I very much appreciated this accurate representation of the "breathtaking" substance of Forbidden Archeology (as compared with Marks's calculated misrepresentation). Feder (1994) further noted:

While decidedly antievolutionary in perspective, this work is not the ordinary variety of antievolutionism in form, content, or style. In distinction to the usual brand of such writing, the authors use original sources and the book is well written. Further, the overall tone of the work is far superior to that exhibited in ordinary creationist literature. Nonetheless, I suspect that creationism is at the root of the authors' argument, albeit of a sort not commonly seen before.

In the above passage, the Brillo box phenomenon again displays itself. The technically convincing imitation of a well written archeology text somewhat disarmed Feder. But like the critics of Warhol, he showed he was not to be fooled by surface appearances and could see what the artist/author was really up to. He knew what was meant. However, I propose the "meaning" lies not so much beneath the surface of the Forbidden Archeology text as in the temporal and spatial continuities and discontinuities of this textual surface with other textual surfaces, not excluding Feder's review and this paper.

Feder (1994) then addressed the Gaudiya Vaishnava element of the Forbidden Archeology text.

When you attempt to deconstruct a well-accepted paradigm, it is reasonable to expect that a new paradigm be suggested in its place. The authors of Forbidden Archeology do not do this, and I would like to suggest a reason for their neglect here. Wishing to appear entirely scientific, the authors hoped to avoid a detailed discussion of their own beliefs (if not through evolution, how? If not within the last four million years, when?) since, I would contend, these are based on a creationist view, but not the kind we are all familiar with.

Here Feder is being somewhat unfair. The authors were not avoiding anything. The book as conceived would have introduced an alternative paradigm based on Gaudiya Vaishnava texts. But as I said  in the introduction to Forbidden Archeology (Cremo & Thompson, 1993):

Our research program led to results we did not anticipate, and hence a book much larger than originally envisioned. Because of this, we have not been able to develop in this volume our ideas about an alternative to current theories of human origins. We are therefore planning a second volume relating our extensive research results in this area to our Vedic source material.

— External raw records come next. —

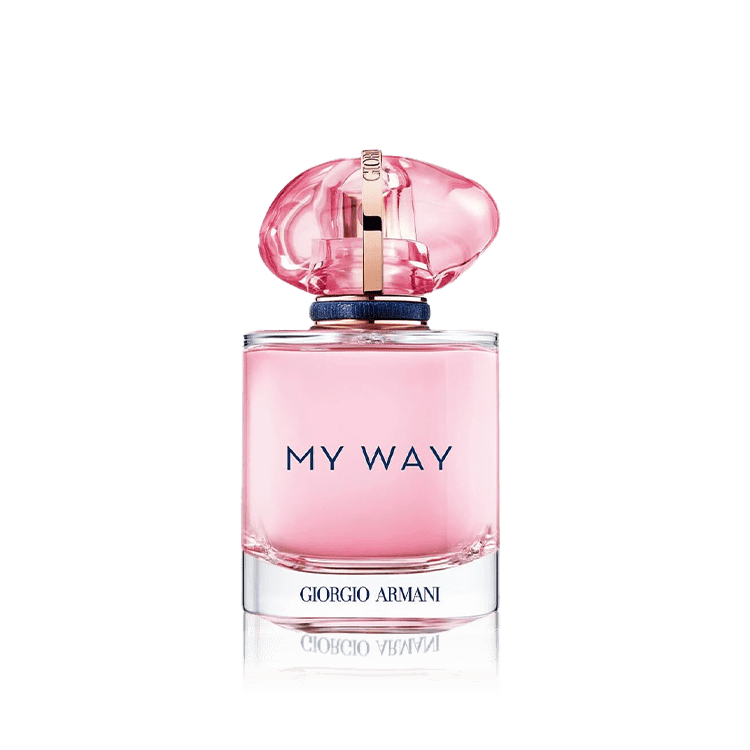 Giorgio Armani My Way Nectar EDP Refillable 90ml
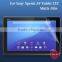 Perfect Fit Matte Anti-glare Screen Cover For Sony Xperia Z4 Tablet Lte
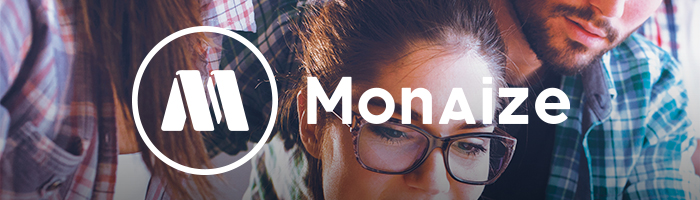Monaize - compte pro pour TPE - coworker chez myCowork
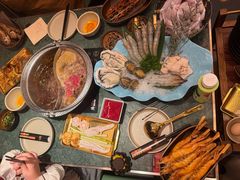 -牛New寿喜烧(龙湖金沙天街店)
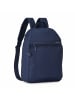 Hedgren Freizeitrucksack für Damen in dunkel-blau
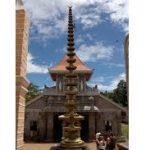 Shree Shantadurga (Sa, Shree Shantadurga (Sangodkarin) Temple, North Goa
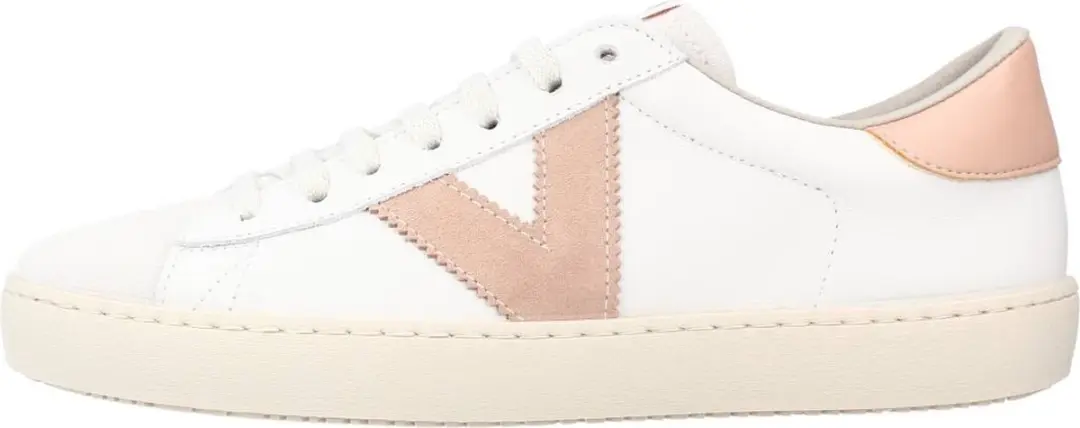 Victoria sneakers laag berlin Oudroze-38 - afbeelding 2 van 6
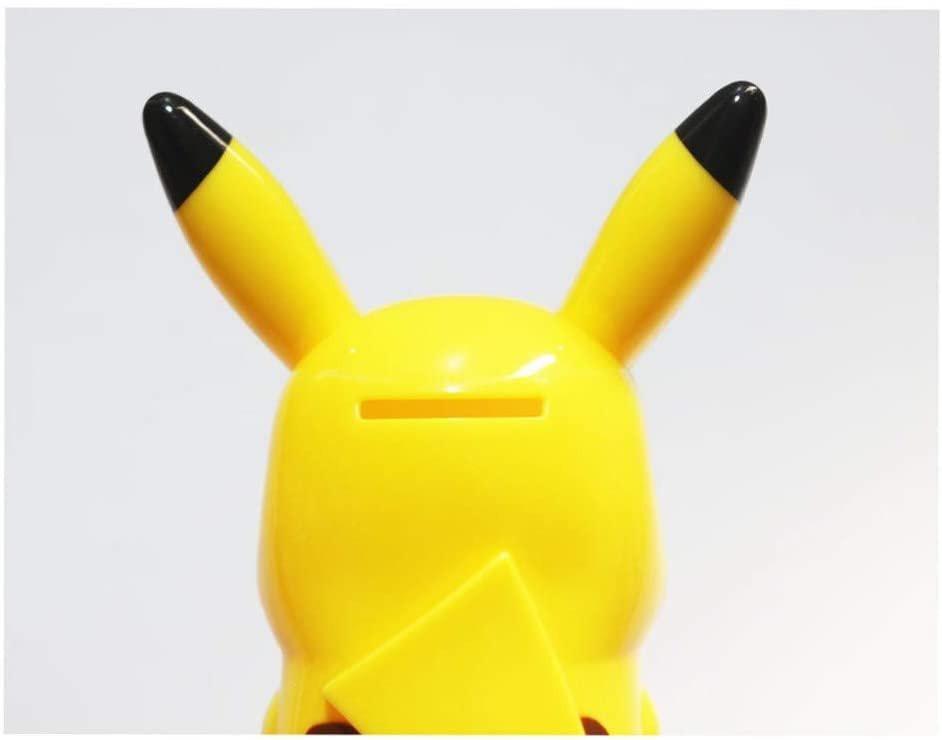 Pokemon Pikachu 6.5" Piggy Bank
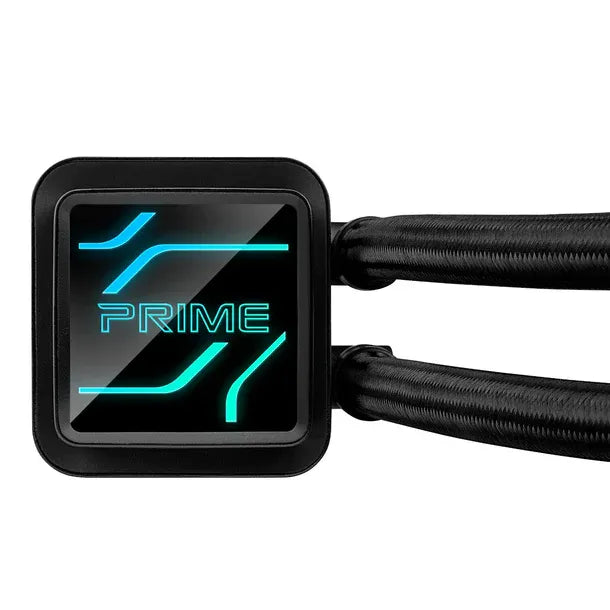 Image 4 for ASUS Prime LC 240 ARGB Liquid CPU Cooler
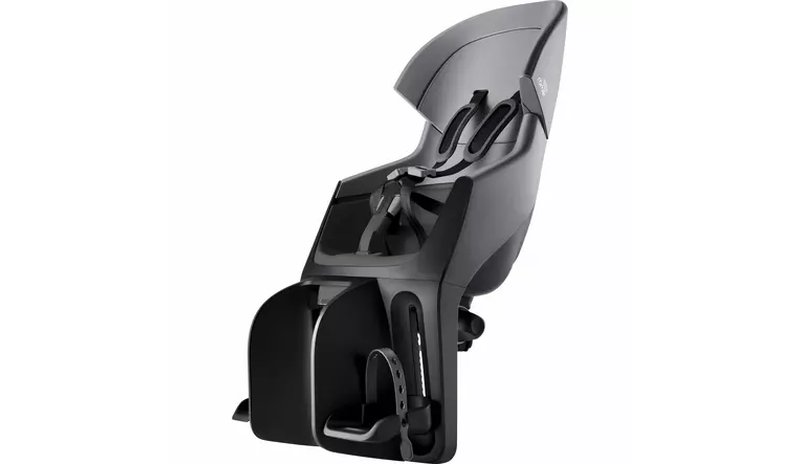 Britax Jockey Maxi pyöränistuin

This book is still in the research and writing stage. But in a paper presented at the World Archaeological Congress 3 (Cremo, 1994) I have outlined in some detail a summary presentation of the Gaudiya Vaishnava account of human origins and antiquity. Furthermore, the relevant source materials are easily available to most readers, many of whom will already know something of Indian cosmology. Feder continued:

The authors are open about their membership in the Bhaktivedanta Institute, which is a branch of the International Society for Krishna Consciousness, and the book is dedicated to their "spiritual master," the group's founder. They make a reasonable request regarding their affiliationi with this organization: "That our theoretical outlook is derived from the Vedic literature should not disqualify it" (p. xxxvi). Fair enough, but what is their "theoretical outlook?" Like fundamentalist Christians they avoid talking about the religious content of their perspective, so we can only guess at it.

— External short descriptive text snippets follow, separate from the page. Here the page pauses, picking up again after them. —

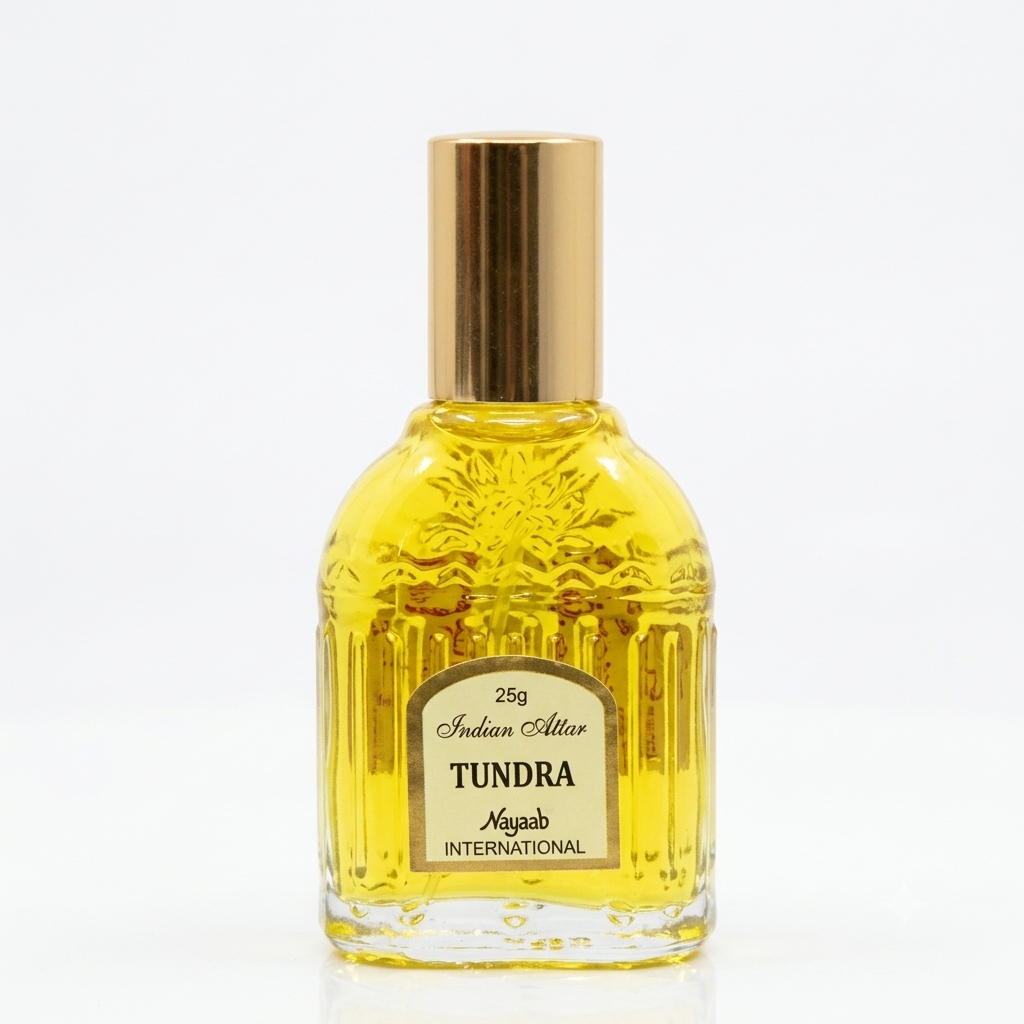 Nayaab Tundra Attar 25 ml Floral Attar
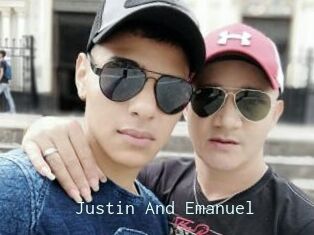 Justin_And_Emanuel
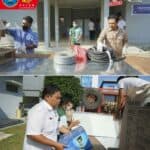 Dukung Layanan Rehabilitasi Berkelanjutan, PT. Citra Tubindo, Tbk. Serahkan Hibah Perlengkapan Workshop Welding Melalui Program CSR Yayasan Citramas.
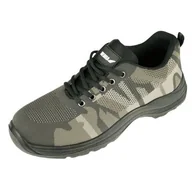 Obuwie robocze - DEDRA półbuty bezpieczne M5 MORO rozmiar 41 BH9M5-41 BH9M5-41 - miniaturka - grafika 1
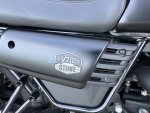 tweedehands Moto Guzzi V7 stone 3 4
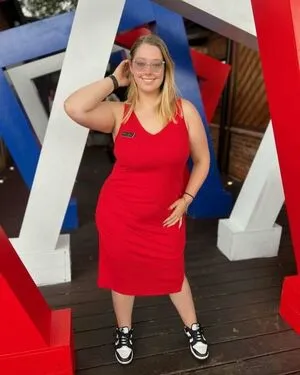 Ally Theis OnlyFans Leaked Free Thumbnail Picture - #v7Lm48pE1g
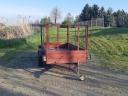 SULLER trailer for sale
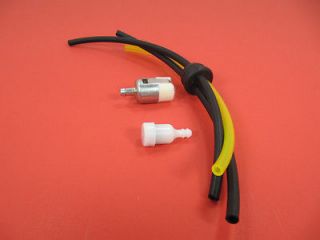 Mantis Fuel Line A662 Fits All New Mantis and Echo Tiller With 3 Fuel 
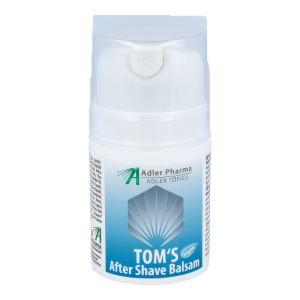 Adler Pharma Schüßler Toms Gesichtscreme 50 ml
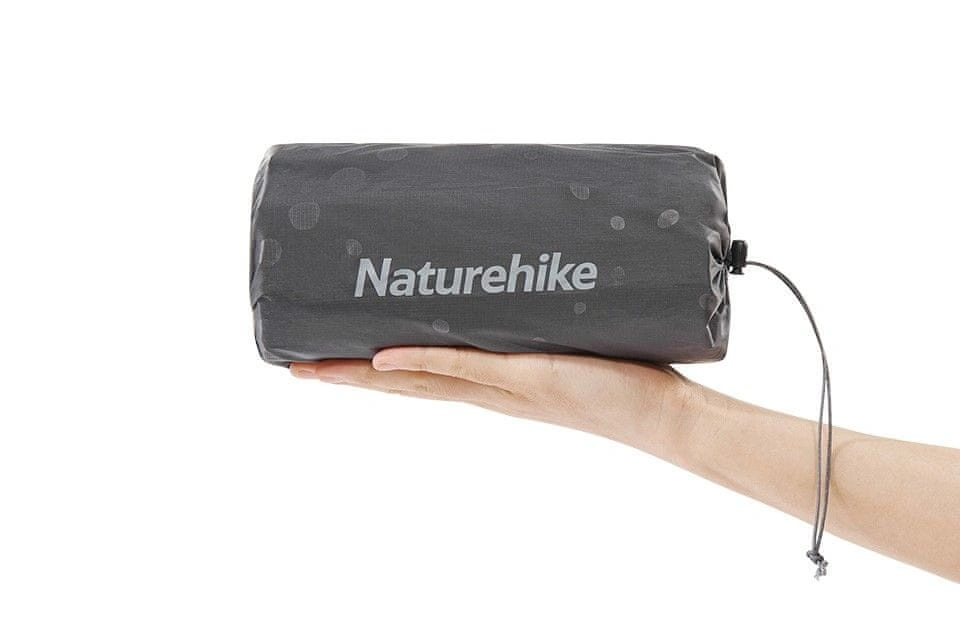 Naturehike R3.5 440g - šedá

Again, somewhat unfair. The specific religious content of our perspective was openly acknowledged in the introduction to Forbidden Archeology (Cremo & Thompson, 1993). Although the detailed development of this perspective was postponed to a forthcoming volume, the pointers to the perspective were clear enough to remove it from the realm of guesswork. Feder (1994) himself did not have to look very far to find out about it:

What does Hindu literature say humanity originated and when? According to Hindu cosmology, the cosmos passes through cycles called kalpas, each of which corresponds to 4.32 billion earth years (Basham, 1959). During each kalpa, the universe is created and then absorbed. Each kalpa is divided into 14 manvantaras, each lasting 300,000,000 million years (the age of the Kentucky footprints), and separated by lengthy periods. Within each manvantara the world is created with human beings more or less fully formed, and then destroyed, only to be created once again in the next manvantara.

Yes. And I said essentially the same thing in my above mentioned World Archeological Congress paper (Cremo 1994). Feder (1994) then began to bring his review to a close: "We all know what happens when we mix a literal interpretation of the Judeo-Christian creation my with human paleontology: we get scientific creationism." We also get scientific evolutionism.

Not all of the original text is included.